Der heurige Weltfrauentag fällt für die ukrainischen Frauen aus. Statt mit ihren Familien und Freunden den freien Tag zu feiern, sind sie auf der Flucht, harren in Luftschutzbunkern oder U-Bahnstationen aus, dienen der Armee oder haben sich dem Widerstand angeschlossen. Putins Krieg hat ihr Leben nicht nur völlig verändert, er zeigt auch auf, dass im Krieg nur zwei Geschlechter existieren – und ihre Rollen sind klar verteilt. Männer sind verpflichtet, Soldaten zu sein, Frauen dürfen zwar kämpfen, wenn sie wollen, sie können aber auch mit ihren Kindern fliehen oder sich verstecken. Auch der ukrainische Staat zwingt Männer zwischen 18 und 60 Jahren zum Kampf, für sie gibt es kein Recht auf Weglaufen und Sicherheit, sie haben ihr Land zu verteidigen, ob Angst hin oder her. Im Krieg gibt es weder eine Frauenquote, noch Rücksicht auf Befindlichkeiten. Der Krieg verlangt Männlichkeit, die ist klar definiert, und plötzlich nicht mehr toxisch, sondern ehrenhaft.
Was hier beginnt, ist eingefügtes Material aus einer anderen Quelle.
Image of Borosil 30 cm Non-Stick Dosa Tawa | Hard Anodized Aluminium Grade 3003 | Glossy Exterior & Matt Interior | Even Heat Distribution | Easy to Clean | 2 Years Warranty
Ein Drama auf unbestimmte Zeit
Die Dramen, die sich an der polnisch-ukrainischen Grenze abspielen, mag sich ein Mensch hierzulande kaum vorstellen. Mütter und ihre Kinder harren stundenlang vor der Grenze aus. Männer, die die Flucht dennoch versuchen, werden zurückgeschickt, so eiskalt, wie die Temperaturen, die zurzeit in der Ukraine herrschen, in ein Land, dessen Zukunft ungewiss ist, in ein Leben, das morgen schon vorbei sein kann.
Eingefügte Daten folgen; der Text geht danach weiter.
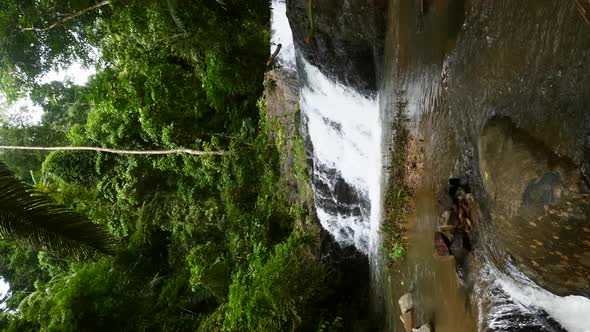 Vertical Video Small Cascade Waterfall in Mountain River in Tropical Forest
Es sind Väter, die sich von ihren Liebsten verabschieden müssen, denen eine Wiedersehen mit ihnen auf unbestimmte Zeit nur in ihren Träumen vergönnt ist, und nur Gott weiß, ob es jemals dazu kommen wird. Und die Frauen, die ihr Land nicht verlassen, rüsten sich für einen Kampf, den sie vielleicht nicht gewinnen werden, oder warten in Schutzräumen, bis der Krieg womöglich sie findet. Niemand will mit den ukrainischen Frauen und Männern tauschen. Keiner will jemals so einen Weltfrauentag erleben müssen. Und genau deshalb steht der heurige wohl vor allem für Frieden, Demokratie, Solidarität, Hoffnung und ein – wenn auch naives – Vertrauen darauf, dass dieser Krieg rasch endet.